#### TASK DIRECTIONS:
Leave out every picture and set down, exactly, the lines below from the one holding "Синий Шкода Октавия, объемом" up to and including the one holding "Prime Residential Plot".

#### DATA:
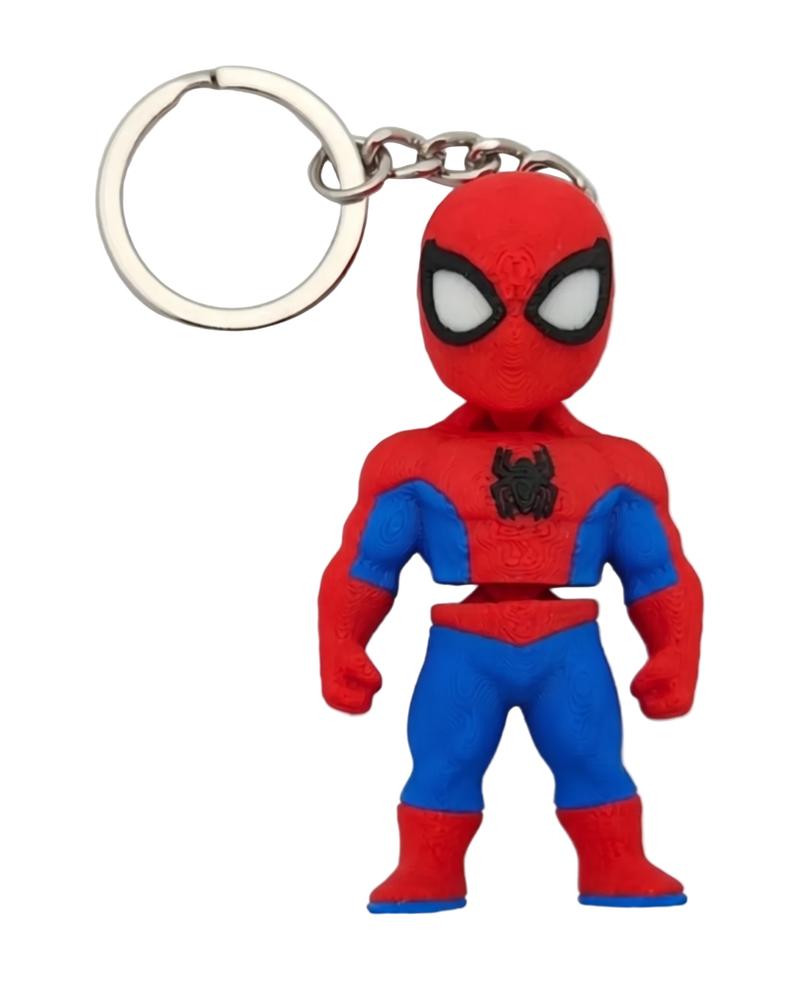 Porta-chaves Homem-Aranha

--

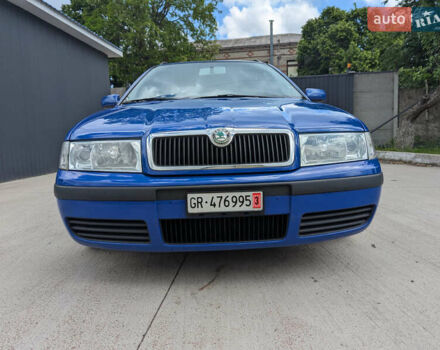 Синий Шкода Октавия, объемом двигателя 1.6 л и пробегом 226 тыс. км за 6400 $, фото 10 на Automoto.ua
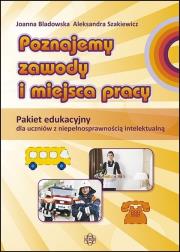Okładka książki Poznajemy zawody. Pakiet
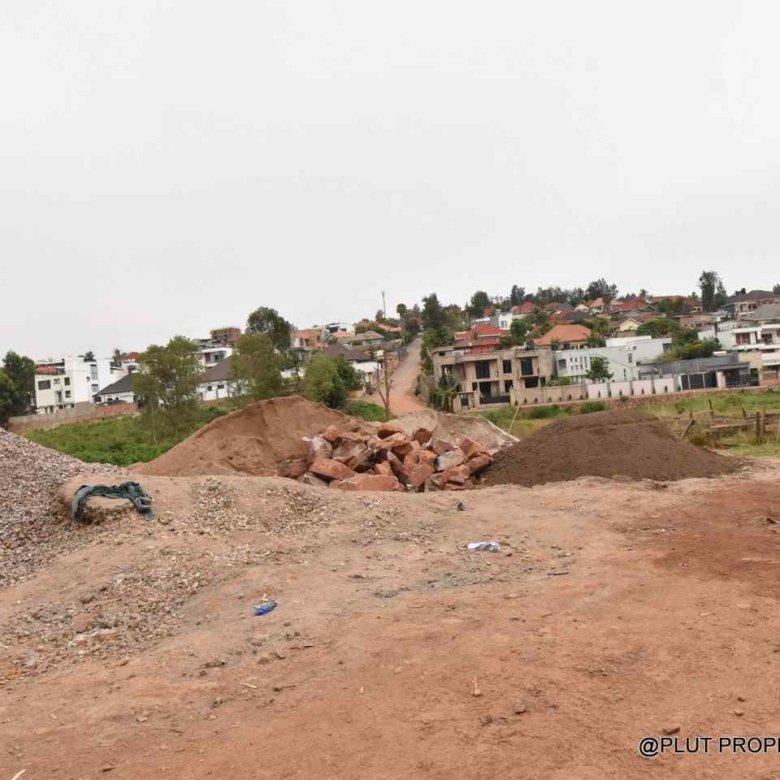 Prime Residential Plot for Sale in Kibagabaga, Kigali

#### SOLUTION FOR THIS PROBLEM:
 Синий Шкода Октавия, объемом двигателя 1.6 л и пробегом 226 тыс. км за 6400 $, фото 10 на Automoto.ua
Okładka książki Poznajemy zawody. Pakiet
 Prime Residential Plot for Sale in Kibagabaga, Kigali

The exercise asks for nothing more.